Fra i tanti esempi di questi complessi agro-pastorali, dove nella stagione estiva si trasferivano intere famiglie per lavorare i campi e pascolare le greggi, accenniamo a due, situati sugli opposti versanti della Valle di Santo Spirito, sulle pendici della Maiella a monte di Lettomanoppello, verso Passo Lanciano.

Il primo, quello di Colle della Civita, perfettamente mimetizzato tra le pareti rocciose (solo i buchi neri degli ingressi delle capanne e dei corridoi coperti rivelano la sua presenza), risale appena al 1940, ma ha ugualmente un sapore arcaico.
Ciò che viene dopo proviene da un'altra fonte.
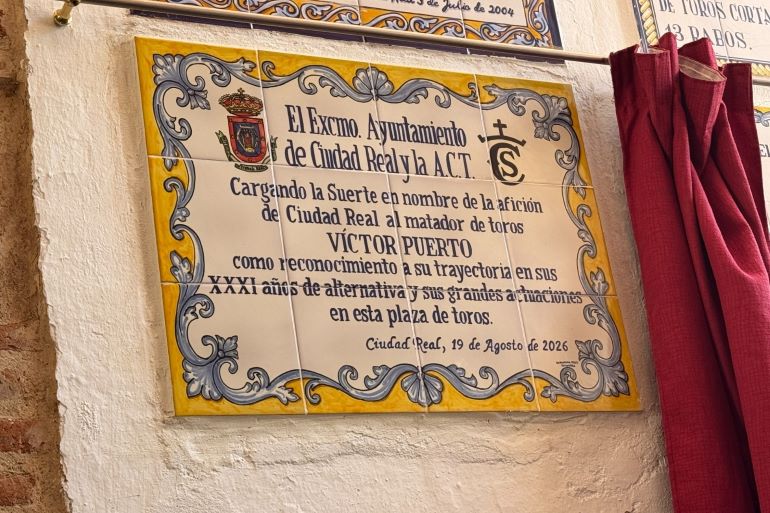 Víctor Puerto deja su huella para siempre en Ciudad Real la plaza de toros inmortaliza sus 31 años antes de su último paseíllo 770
È un interessantissimo insieme di capanne, ognuna delle quali con una funzione ben precisa: mungitoio, deposito attrezzi, dormitorio…

L’escursione si completa in due ore e mezzo circa col complesso di Valle Giumentina, non senza però aver prima ammirato, nelle sue vicinanze, il bellissimo architrave a lunetta di un casolare in calcare bianco, degno di una tomba micenea.

In questo secondo complesso spicca la capanna principale, realizzata a gradoni, la più grande in pietra a secco esistente in Abruzzo: sopra tali gradoni circolari e sullo stesso tetto venivano stesi graticci su cui far essiccare i fichi.

Ma la varietà di forme e di soluzioni di questi ripari primitivi disseminati per tutta la regione, la cura – si potrebbe dire – religiosa che traspare da queste testimonianze di una civiltà antichissima, costituiscono tale attrattiva da giustificare le più ardue scarpinate.

Fra l’altro è inevitabile riandare a costruzioni analoghe riscontrabili altrove, presso altre culture agro-pastorali, almeno là dove abbonda il materiale lapideo: quasi esista un universo comune, almeno per quanto riguarda questo tipo particolare di architettura spontanea.

 

Una guida scritta con l’”anima”. Chi voglia avventurarsi alla scoperta di queste straordinarie architetture, sconosciute ai più, legate agli antichi modi di vita dell’uomo sulla montagna, potrà consultare utilmente la pubblicazione di Edoardo Micati Pietre d’Abruzzo, Carsa Edizioni, pp. 104, euro 11,36: una guida scritta "con l’anima" e dalle splendide illustrazioni.